Un autre exemple présente cette importance de la
synesthésie des sens activée par la liturgie : le folio IIv (psaume 140,
verset 2) du manuscrit latin 2508 (BNF) réalisé à l’abbaye de Farfa (Italie)
figurant le Christ en Majesté au-dessus de David et ses musiciens. La
production du son musical monte vers la vision et entre les deux, Aaron et
Melchisedec agitent des encensoirs de chaque côté de l’image. Encore une fois,
la manifestation théophanique s’exprime grâce à l’activation synesthésique des
cinq sens. L’idée d’atemporalité émerge aussi de cette image, puisque sont
représentés le procédé : l’activation synesthésique des sens, et le
résultat : la vision divine, dans un seul et même espace pictural.

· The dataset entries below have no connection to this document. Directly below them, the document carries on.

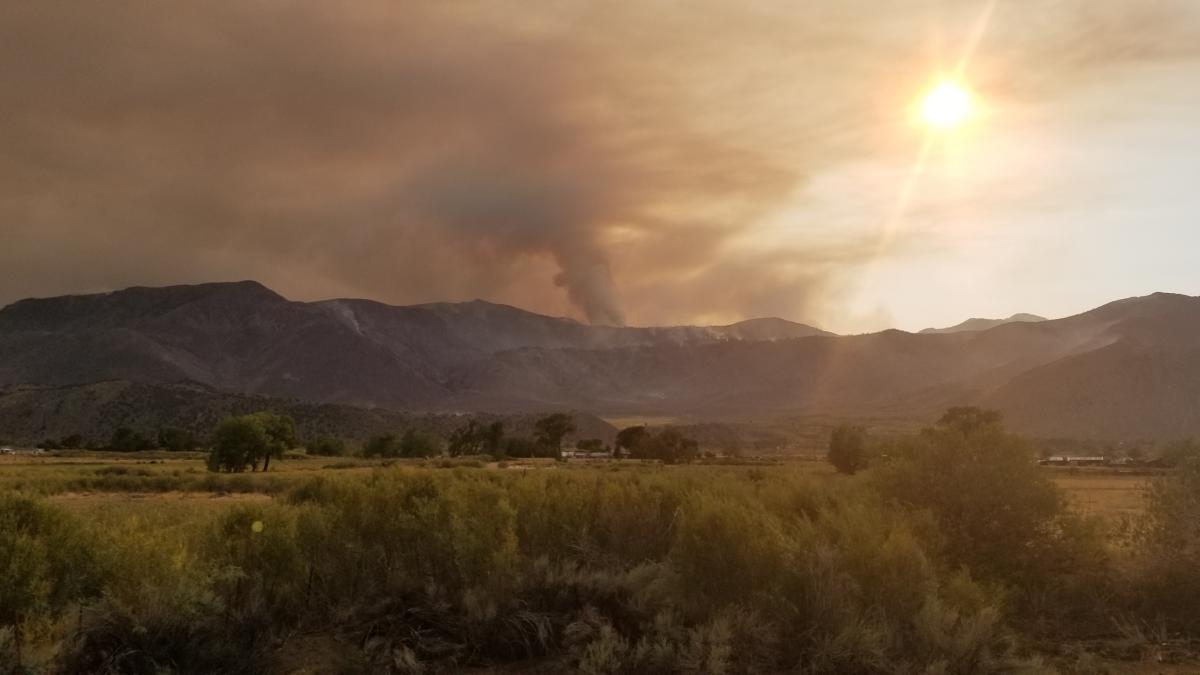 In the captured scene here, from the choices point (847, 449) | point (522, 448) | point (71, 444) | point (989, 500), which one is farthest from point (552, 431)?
point (989, 500)

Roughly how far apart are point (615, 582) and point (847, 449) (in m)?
60.5

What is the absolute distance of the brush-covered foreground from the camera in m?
11.4

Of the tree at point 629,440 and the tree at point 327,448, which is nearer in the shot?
the tree at point 327,448

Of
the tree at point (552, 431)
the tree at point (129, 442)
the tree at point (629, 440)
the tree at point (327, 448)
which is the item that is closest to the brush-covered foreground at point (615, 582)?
the tree at point (629, 440)

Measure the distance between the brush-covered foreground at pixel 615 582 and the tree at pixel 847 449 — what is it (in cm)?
5084

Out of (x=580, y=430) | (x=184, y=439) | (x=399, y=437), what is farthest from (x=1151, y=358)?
(x=184, y=439)

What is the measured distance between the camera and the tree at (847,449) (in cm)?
6838

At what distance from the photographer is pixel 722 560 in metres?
13.2

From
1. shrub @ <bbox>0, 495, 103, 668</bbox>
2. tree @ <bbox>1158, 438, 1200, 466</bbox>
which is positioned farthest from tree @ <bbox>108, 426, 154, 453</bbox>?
tree @ <bbox>1158, 438, 1200, 466</bbox>

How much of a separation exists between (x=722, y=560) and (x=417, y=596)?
4.91m

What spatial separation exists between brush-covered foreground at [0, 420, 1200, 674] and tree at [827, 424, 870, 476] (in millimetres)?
50841

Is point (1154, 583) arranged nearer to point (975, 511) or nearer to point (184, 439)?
point (975, 511)

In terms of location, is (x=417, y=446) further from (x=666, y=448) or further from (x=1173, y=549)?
(x=1173, y=549)

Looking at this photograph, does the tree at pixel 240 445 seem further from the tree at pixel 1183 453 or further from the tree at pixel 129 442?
the tree at pixel 1183 453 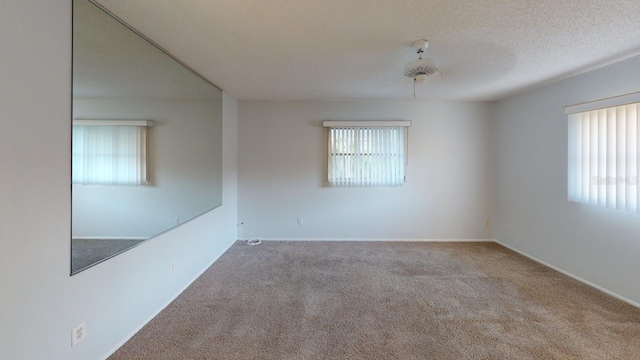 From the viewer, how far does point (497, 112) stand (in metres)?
4.06

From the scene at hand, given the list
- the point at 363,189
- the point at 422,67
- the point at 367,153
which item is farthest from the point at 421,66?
the point at 363,189

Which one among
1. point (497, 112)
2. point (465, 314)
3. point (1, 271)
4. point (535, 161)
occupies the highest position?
point (497, 112)

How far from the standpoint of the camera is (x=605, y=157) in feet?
8.41

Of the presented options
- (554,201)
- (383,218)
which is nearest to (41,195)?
(383,218)

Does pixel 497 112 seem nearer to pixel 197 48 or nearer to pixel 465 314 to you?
pixel 465 314

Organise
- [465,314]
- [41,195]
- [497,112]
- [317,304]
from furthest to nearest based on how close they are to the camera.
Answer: [497,112] → [317,304] → [465,314] → [41,195]

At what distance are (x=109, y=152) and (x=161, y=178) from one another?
604 mm

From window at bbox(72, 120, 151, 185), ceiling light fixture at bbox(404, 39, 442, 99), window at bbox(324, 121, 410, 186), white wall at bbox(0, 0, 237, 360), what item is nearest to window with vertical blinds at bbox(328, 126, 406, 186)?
window at bbox(324, 121, 410, 186)

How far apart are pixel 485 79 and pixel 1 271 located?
4346mm

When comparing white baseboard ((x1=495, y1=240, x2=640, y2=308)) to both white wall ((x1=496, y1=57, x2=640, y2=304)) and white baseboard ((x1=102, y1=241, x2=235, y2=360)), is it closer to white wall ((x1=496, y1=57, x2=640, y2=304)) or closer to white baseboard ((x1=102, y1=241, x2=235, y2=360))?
white wall ((x1=496, y1=57, x2=640, y2=304))

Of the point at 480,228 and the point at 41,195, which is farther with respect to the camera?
the point at 480,228

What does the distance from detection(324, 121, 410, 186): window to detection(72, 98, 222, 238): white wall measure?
184 centimetres

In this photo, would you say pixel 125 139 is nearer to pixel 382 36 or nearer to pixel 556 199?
pixel 382 36

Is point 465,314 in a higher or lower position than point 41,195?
lower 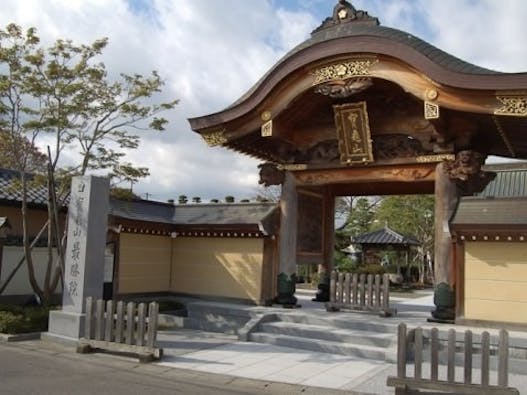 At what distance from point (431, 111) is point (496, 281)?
361 cm

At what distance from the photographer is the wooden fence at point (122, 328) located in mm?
8461

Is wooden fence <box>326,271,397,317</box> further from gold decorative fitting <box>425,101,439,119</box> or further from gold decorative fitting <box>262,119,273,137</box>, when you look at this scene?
gold decorative fitting <box>262,119,273,137</box>

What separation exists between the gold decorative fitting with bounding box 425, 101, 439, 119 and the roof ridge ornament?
9.20 ft

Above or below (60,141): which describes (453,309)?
below

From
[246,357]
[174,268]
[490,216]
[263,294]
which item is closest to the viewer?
[246,357]

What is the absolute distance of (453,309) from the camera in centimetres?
1052

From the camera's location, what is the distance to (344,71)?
11.1 meters

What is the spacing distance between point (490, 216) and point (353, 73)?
4089 mm

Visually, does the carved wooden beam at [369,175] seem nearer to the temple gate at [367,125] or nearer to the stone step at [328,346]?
the temple gate at [367,125]

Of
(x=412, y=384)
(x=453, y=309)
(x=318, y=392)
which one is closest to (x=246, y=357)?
(x=318, y=392)

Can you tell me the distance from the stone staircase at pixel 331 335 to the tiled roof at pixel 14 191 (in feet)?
22.2

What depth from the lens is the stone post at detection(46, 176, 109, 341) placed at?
973cm

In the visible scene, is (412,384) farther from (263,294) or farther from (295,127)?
(295,127)

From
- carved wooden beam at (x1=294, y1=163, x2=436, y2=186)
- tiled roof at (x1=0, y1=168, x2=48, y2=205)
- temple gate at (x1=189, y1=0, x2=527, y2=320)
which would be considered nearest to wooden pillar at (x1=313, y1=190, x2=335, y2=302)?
temple gate at (x1=189, y1=0, x2=527, y2=320) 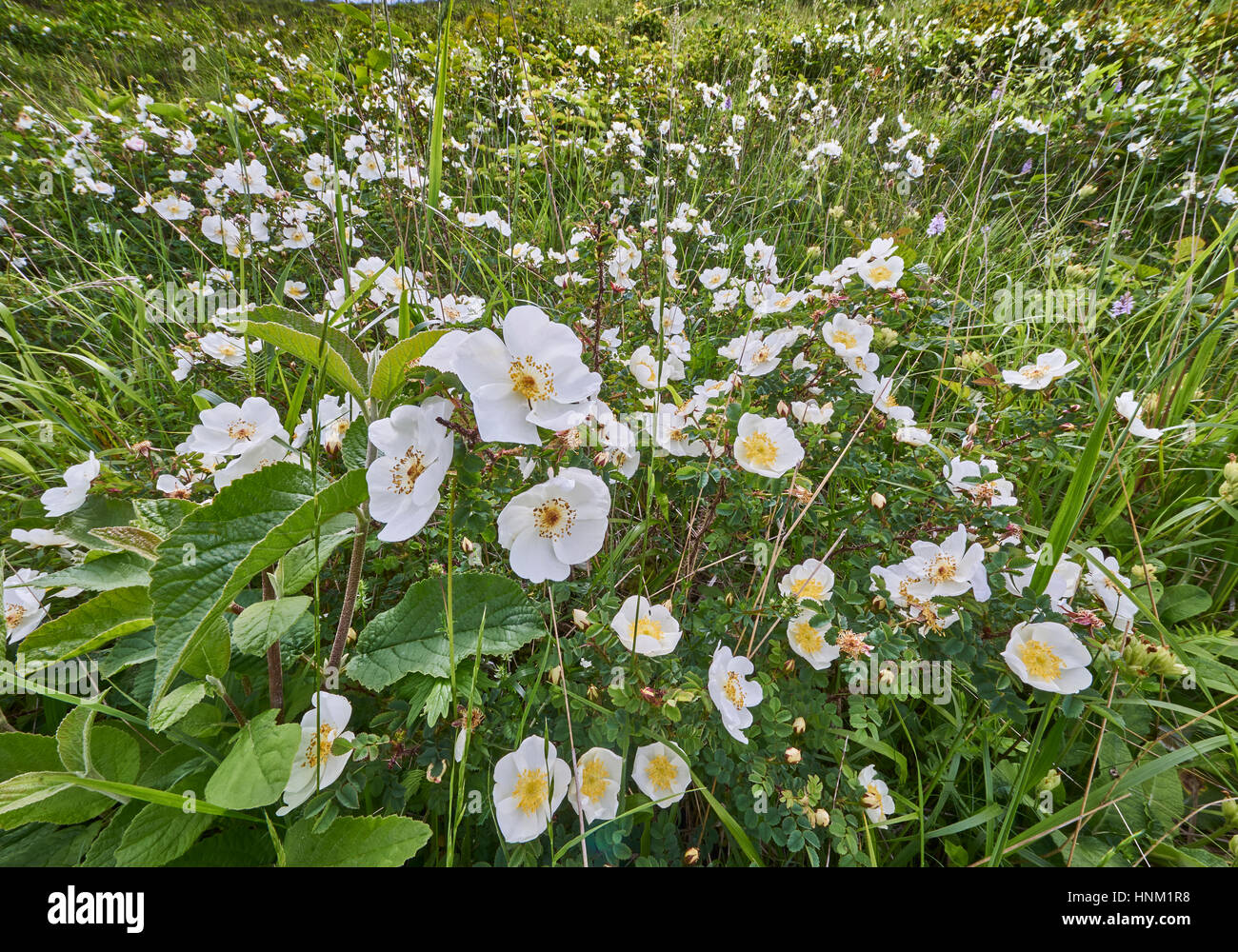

Antiphonaire (ms W 756, Baltimore) |
Un troisième exemple issu d’un folio d’Antiphonaire de messe du
XIIe siècle (ms. W 756, Baltimore, Walters Art Gallery) présentant
l’antienne d’Introït pour la fête de l’Assomption, montre dans la lettrine G du
Gaudeamus, une Vierge couchée les
yeux fermés, au milieu de quelques apôtres, tandis qu’un personnage nimbé
balance un encensoir sur le côté, détail rarissime. Au-dessus, le Christ en
Majesté tient sur ses genoux l’âme de la Vierge, dans une sorte de Vierge à
l’Enfant inversée. Éric Palazzo souligne que cette antienne est à attribuée à
Grégoire le Grand qui l’aurait composée en 592 pour la consécration de l’église
Sainte-Agathe à Rome. Toutefois, un porc malodorant est entré dans cette église
peu de temps après et l’édifice se trouva alors déconsacré par l’irruption de
cette mauvaise odeur ; sa reconsécration se fit grâce à une sorte de
théophanie : une nuée recouvrit l’autel et une bonne odeur se répandit
dans l’édifice. L’encensement du corps de la Vierge représenté dans l’initiale
rappelle cette recréation de la synesthésie. Un lien s’établit en effet entre
l’odeur, la vision et le son (neumes écrites sur la page de l’Antiphonaire).
Cette image présente alors la synthèse de ce qui se produit au moment de
l’exécution de la liturgie : l’activation sensorielle et son objectif
final : la vision divine. L’atemporalité s’exprime encore ici par la
juxtaposition du procédé mis en place et du résultat souhaité.
• Ouverture de la
recherche (interventions de Violaine Anger, Frédéric Billiet, Christel
Cazaux-Kowalski, Vincent Debiais, Jean-Marie Fritz, Katarina Livljanic, Isabelle Marchesin, Michel Maupoix,
Welleda Muller, Isabelle Ragnard) :
- réflexions sur l’atemporalité.
- les images présentent un modèle idéal
en montrant une anticipation pour agir sur le bon déroulement de la liturgie. Dans
cette perspective les images ne peuvent être réduites à des illustrations.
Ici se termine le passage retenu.